> **TASK DESCRIPTION**
As the answer, return precisely the lines from the one containing "L'IPO historique de" to the final line of the material below, inclusive, and omit every picture.

> **RECORDED INFORMATION**

══════════════════════════════

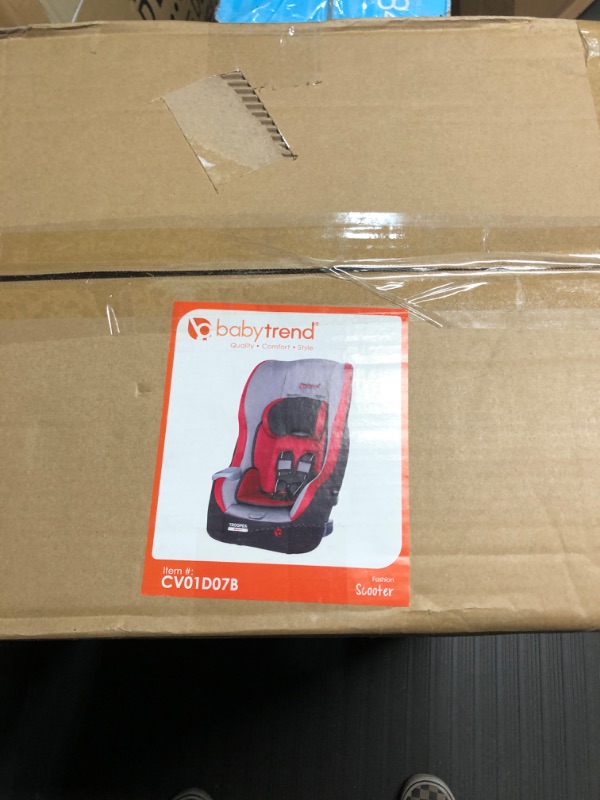 Photo 3 of Baby Trend Trooper 3 in 1 Convertible Car Seat Scooter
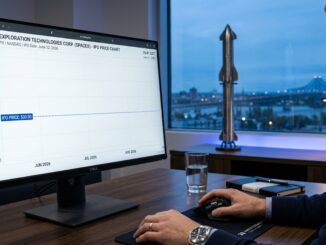 L'IPO historique de SpaceX à 1500 milliards impose la patience graphique aux investisseurs
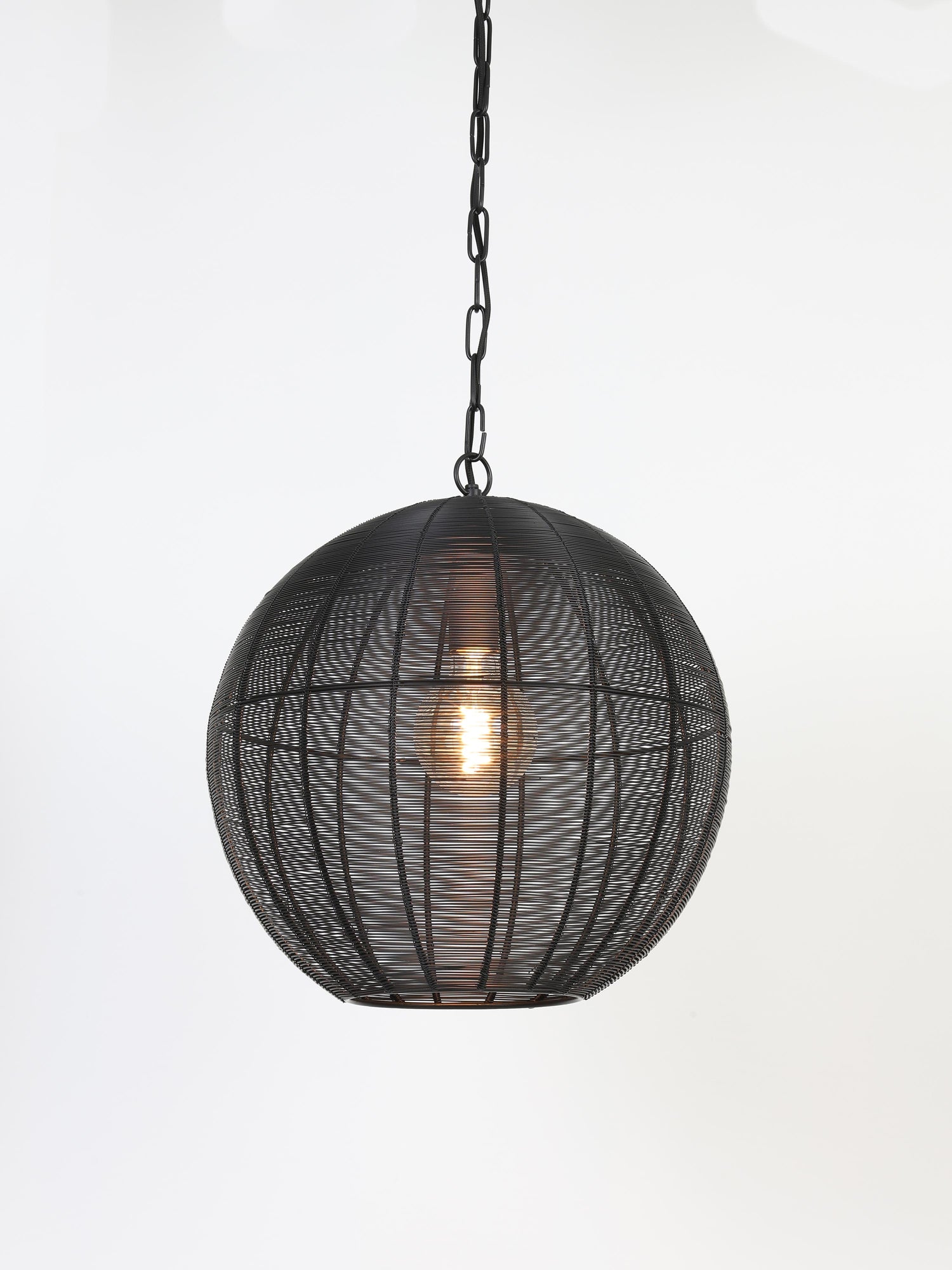 Amarah Black Pendant Light - 3 Sizes Available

══════════════════════════════

> **RESPONSE TO THE EXERCISE**
 L'IPO historique de SpaceX à 1500 milliards impose la patience graphique aux investisseurs
 Amarah Black Pendant Light - 3 Sizes Available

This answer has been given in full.